This edition of Defense Acquisition, Technology & Logistics has an article titled "Replacing Risk with Knowledge to Deliver Better Acquisition Outcomes."
If we
- Focus actionable, meaningful, and relevant knowledge on reducing risk - we need to discover all the elements of risk, probe each path of the system architecture looking for possible and probable failure modes and the effect on the system. The system can include machines and well has personnel using those machines.
- Capture all information is some form of "model." sysML (System Modeling Language) is one approach. sysML is the cousin to UML used in software development systems modeling. There are tools for sysML, but the simple pencil and paper is a starting point. Asking and answering the question what are the components of the system, how do they interact, what happens when this part fails, what are the externalities of the system that will cause of problems during development or operations?
- Capture all knowledge from the subject matter experts, both internal and external. Who knows most about the type of system we're building? Go find that person or persons and have them tell you all the reasons it will fail. Find people who know people and ask the same question. If there is any one motivation for social networking in the program management world, it is finding people who know more than you do and asking them to identify people who know more than they do. There is no such in the modern world of "knowing what to do" without testing that knowledge on others. The hubris of development knowledge "I know what I'm doing" is the number one risk.
- Provide the best solutions through Analysis of Alternatives (AoA). AoA is a systems engineering discipline rarely practiced in the commercial IT world. Again many times from the hubris of failing to see beyond one's own experience.

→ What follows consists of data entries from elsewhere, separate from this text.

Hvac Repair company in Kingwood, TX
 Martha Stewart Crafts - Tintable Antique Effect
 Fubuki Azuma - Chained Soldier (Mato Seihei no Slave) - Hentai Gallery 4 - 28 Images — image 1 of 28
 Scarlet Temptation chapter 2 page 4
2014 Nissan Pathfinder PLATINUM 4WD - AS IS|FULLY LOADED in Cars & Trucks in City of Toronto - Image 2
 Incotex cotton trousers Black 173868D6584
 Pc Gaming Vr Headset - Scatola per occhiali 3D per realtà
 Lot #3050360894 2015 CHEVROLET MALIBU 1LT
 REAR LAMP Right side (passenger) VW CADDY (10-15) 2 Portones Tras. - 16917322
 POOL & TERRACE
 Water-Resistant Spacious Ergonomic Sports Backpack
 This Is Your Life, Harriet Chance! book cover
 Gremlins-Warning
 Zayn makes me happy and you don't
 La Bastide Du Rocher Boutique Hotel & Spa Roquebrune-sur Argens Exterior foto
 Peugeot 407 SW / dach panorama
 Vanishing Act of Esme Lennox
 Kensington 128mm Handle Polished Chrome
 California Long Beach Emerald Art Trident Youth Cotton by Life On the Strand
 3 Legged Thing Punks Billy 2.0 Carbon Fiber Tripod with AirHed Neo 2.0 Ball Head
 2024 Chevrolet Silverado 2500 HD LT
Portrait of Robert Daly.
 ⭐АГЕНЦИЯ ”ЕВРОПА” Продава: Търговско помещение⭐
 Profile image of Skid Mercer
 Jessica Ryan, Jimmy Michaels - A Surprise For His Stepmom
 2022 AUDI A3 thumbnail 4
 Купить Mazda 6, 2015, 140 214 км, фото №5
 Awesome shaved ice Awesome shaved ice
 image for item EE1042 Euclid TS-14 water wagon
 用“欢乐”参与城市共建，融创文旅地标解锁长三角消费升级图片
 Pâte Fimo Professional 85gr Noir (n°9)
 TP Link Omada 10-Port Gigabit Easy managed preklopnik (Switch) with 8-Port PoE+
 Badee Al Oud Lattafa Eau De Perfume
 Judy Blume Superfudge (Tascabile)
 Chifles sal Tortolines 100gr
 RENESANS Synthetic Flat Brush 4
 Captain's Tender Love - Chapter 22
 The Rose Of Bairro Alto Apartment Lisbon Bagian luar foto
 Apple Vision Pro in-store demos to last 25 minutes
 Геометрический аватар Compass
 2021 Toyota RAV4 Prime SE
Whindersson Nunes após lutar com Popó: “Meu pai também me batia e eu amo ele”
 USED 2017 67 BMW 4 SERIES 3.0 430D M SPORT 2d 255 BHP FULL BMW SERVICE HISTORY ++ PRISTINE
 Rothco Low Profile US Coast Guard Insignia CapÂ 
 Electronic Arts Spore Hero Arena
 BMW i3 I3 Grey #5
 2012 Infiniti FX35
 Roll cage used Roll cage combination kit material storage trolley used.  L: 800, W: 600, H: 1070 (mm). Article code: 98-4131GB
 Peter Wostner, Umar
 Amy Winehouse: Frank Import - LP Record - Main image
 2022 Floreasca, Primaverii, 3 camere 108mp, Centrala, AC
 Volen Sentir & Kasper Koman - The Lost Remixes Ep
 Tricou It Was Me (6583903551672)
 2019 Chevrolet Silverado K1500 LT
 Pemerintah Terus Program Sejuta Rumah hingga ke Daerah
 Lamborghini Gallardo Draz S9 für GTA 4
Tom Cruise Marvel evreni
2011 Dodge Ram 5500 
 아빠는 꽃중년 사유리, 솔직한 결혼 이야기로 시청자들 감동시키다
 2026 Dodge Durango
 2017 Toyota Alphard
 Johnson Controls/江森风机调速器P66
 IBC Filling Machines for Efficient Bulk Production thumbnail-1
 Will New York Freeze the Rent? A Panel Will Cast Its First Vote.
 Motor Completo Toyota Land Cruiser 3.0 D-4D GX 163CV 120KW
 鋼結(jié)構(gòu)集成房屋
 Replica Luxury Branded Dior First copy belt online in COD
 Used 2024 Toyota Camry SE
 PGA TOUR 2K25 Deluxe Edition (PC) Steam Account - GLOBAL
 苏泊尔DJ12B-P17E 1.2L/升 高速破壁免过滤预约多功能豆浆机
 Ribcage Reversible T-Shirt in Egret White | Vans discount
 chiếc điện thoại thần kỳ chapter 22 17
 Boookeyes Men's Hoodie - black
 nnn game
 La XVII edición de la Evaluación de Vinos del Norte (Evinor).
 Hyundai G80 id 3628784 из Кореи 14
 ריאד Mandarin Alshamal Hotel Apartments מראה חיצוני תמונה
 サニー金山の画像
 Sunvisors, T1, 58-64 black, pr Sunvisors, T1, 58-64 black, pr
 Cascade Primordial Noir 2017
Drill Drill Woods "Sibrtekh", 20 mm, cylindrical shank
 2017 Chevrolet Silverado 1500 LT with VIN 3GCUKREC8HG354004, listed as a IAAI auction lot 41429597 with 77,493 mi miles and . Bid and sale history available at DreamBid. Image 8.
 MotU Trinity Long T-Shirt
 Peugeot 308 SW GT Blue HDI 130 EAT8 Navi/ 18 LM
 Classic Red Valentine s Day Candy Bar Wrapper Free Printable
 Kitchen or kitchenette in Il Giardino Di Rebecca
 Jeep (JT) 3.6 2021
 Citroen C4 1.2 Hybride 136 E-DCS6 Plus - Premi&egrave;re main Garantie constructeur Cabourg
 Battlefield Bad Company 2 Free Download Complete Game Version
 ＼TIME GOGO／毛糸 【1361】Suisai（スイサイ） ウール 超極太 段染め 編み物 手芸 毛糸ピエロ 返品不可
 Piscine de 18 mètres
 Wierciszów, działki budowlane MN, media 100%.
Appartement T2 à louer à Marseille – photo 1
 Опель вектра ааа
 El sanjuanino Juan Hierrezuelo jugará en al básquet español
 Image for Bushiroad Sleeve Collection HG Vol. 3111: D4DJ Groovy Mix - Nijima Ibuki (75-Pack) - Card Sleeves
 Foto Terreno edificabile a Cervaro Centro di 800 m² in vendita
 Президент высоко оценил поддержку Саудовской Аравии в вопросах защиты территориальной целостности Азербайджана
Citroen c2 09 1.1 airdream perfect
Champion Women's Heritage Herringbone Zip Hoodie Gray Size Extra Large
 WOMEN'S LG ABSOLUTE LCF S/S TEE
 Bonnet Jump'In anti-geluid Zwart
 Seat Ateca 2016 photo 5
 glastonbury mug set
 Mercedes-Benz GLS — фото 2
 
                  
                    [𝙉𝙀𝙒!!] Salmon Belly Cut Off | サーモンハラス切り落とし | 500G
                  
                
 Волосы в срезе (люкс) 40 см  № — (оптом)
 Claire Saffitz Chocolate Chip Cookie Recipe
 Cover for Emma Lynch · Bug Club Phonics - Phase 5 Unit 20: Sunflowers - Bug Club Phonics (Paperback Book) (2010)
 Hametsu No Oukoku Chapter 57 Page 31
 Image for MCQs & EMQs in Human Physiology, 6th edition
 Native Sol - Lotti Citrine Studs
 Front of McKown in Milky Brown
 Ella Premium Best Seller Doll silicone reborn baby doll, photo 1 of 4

- Make the best decisions based on the outcomes of the AoA. Testing those decisions against bench marked system, models, actual development, and again external subject matter experts.
What This Means in the Face of Unknown Unknowns
Unknown Unknowns (UnkUnk) can only exist if in fact that class of risk is UNKNOWABLE. That is the risk to your project, program, system or any "engineered" outcome is in fact hidden from all efforts needed to discover it.
If you don't have enough money to seek the risk, if you don't have enough time to seek the risk, if you don't have the political will to seek the risk, then that does not mean the risk is a UnkUnk. Regardless of the naive and possibly lame definition provided by sources, the risk is still there and it is KNOWABLE with sufficient time, money, and skill. You're just not willing to pursue it.
So when you proceed using the definition of an UnkUnk :
The term unknown unknown refers to circumstances or outcomes that were not conceived of by an observer at a given point in time.
Ask your self, am I lazy, am I competent enough to actually manage this project, am I behaving with the hubris of Donal Rumsfeld, when he failed to pursue all the conseqeunces of invading a foriegn land with insuffucient - but readily available - understanding of the consequences?